Du beschäftigst Dich in Deiner Kunst unter anderem damit, was die Digitalisierung mit dem Individuum macht. Was kann Kunst in Deinen Augen dazu beitragen und leisten, um als Individuum oder auch als Gesellschaft mit diesem Phänomen umzugehen?
Kunst ist dafür da, um einerseits eine Brücke zu bauen zu Dingen, die vielleicht nicht gut zu artikulieren sind wie Gefühle. Und Kunst ist dafür da, um Denkanstöße zu geben und auf Dinge hinzuweisen. Wie gehen wir miteinander um? Das ist glaube ich zum Beispiel eine wichtige Frage, die wir gerade im Digitalen noch beantworten müssen und wo wir auch vorsichtig sein müssen. Man sieht ja, wieviel Mobbing etwa virtuell bei der jüngeren Generation stattfindet. Wir müssen uns bewusster machen, dass KI zum Beispiel ein Manipulationsgenerator ist und nichts anderes. Wir müssen Herr unseres eigenen Denkens bleiben und uns nicht komplett leiten lassen. Angst muss man in meinen Augen nicht haben vor KI, solange wir unsere Empathie, unsere Wahrhaftigkeit und Ehrlichkeit als unsere menschlichen Stärken erkennen und behalten. Kreativität und das Um-die-Ecke-denken können sind ebenso Eigenschaften, die wir uns erhalten müssen – das kann keine KI und wird sie auch nie können!
Du hast Dich für Deine Arbeiten teilweise sehr geöffnet und hast auch sehr viel Privates mit eingebracht. Vielleicht mit den Repräsentantinnen, die Deinem Ebenbild nachgebaut und mit persönlichen Informationen gefüttert wurden, in extremster Form. Und Du zeigst ja auch die Verletzlichkeit in den Arbeiten. Was macht das mit Dir?
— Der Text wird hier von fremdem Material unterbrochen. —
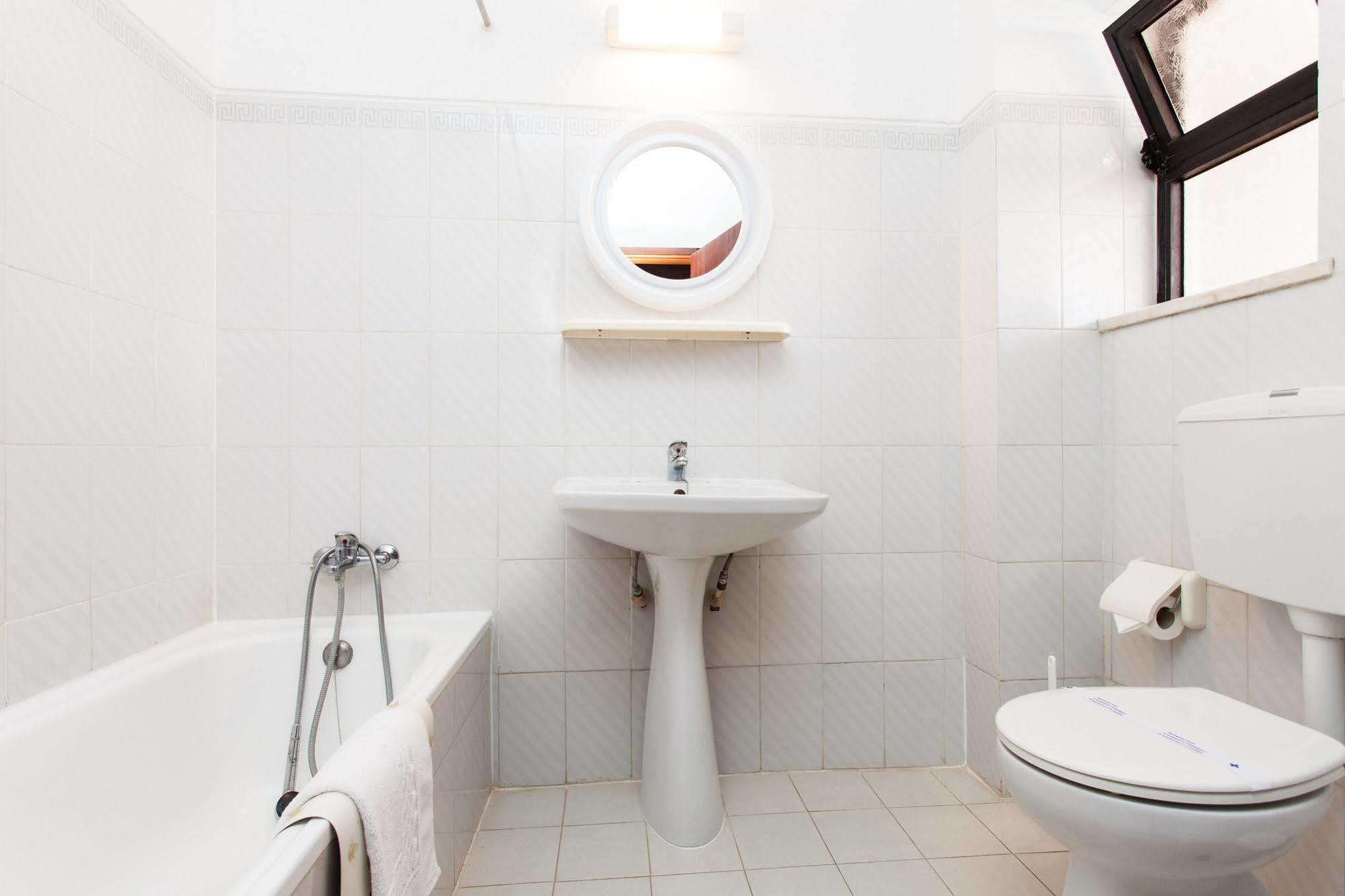 Apartamento com 1 Quarto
Du weißt, dass es relevant ist und dass Du das machen musst. Und sicherlich kann man einige Reaktionen schon voraussehen. Aber ja, es ist in der Tat schwierig damit umzugehen. Zwei Jahre nach der Produktion “Repräsentantinnen” habe ich mich einerseits daran gewöhnt, weiß aber auch, dass ich da durch einen ziemlichen Tiefpunkt gegangen bin. Ich kann aber nicht sagen, dass ich es nicht wieder tun würde. Kunst ist eben kein bequemer Weg, sie kann hart und anstrengend sein. Und dann steigert man sich natürlich mit jeder Arbeit und muss gucken, dass man nicht komplett daran kaputt geht. Es ist immer wieder dieses Reingehen, Rauskommen und dann Stabilisieren. Mit jeder Arbeit werde ich aber auch stabiler.
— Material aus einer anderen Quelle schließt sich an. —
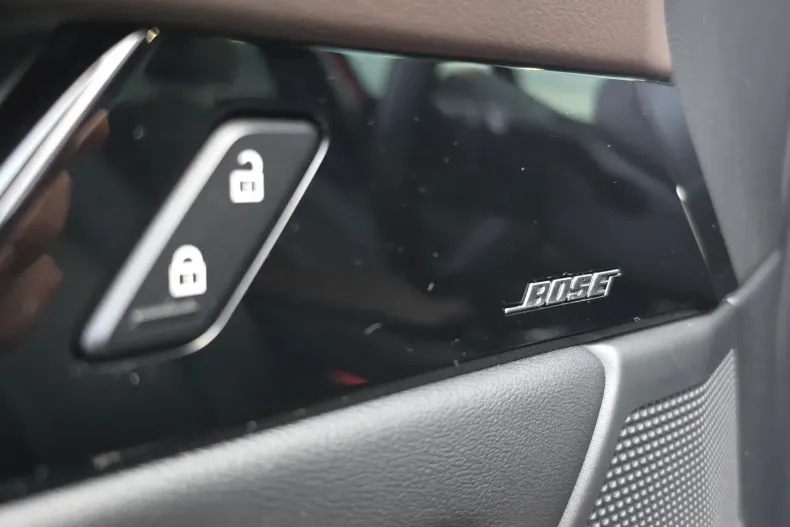 Mazda CX-30 din 2024 cu 23.730 km - oferta MAZ151198 - foto 9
Andy Warhol war selbst als weltweit be- und anerkannter Künstler immer in Sorge, dass die nächste Ausstellung künstlerisch und finanziell ein Flop wird. Wie gehst Du als Künstlerin mit dem inhaltlichen und monetären Druck um?
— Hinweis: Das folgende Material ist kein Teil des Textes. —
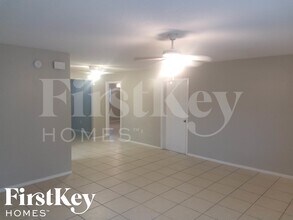 3109 22nd Ave W in Bradenton, FL - Foto de edificio - Building Photo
Ich glaube, das ist auch eine Typfrage: Wie kritisch ist man mit sich selbst, wie sicher oder unsicher ist man? Ich habe jetzt gerade erst wieder eine Ausstellung mit zwei neuen Arbeiten gehabt. Mir geht da der Arsch auf Grundeis, muss ich ganz ehrlich sagen – obwohl das mit nur zwei Arbeiten ja eigentlich eine relativ entspannte Situation war. Erreicht man jemanden mit den Arbeiten oder nicht? Nur weil ich es für relevant halte, heißt das ja nicht, dass die Betrachter:innen es für relevant halten. Wenn ich Arbeiten zeige, die vorher schon mehrfach gezeigt wurden, bin ich sicher etwas entspannter. Aber diese Selbstkritik werde ich wohl nie ablegen.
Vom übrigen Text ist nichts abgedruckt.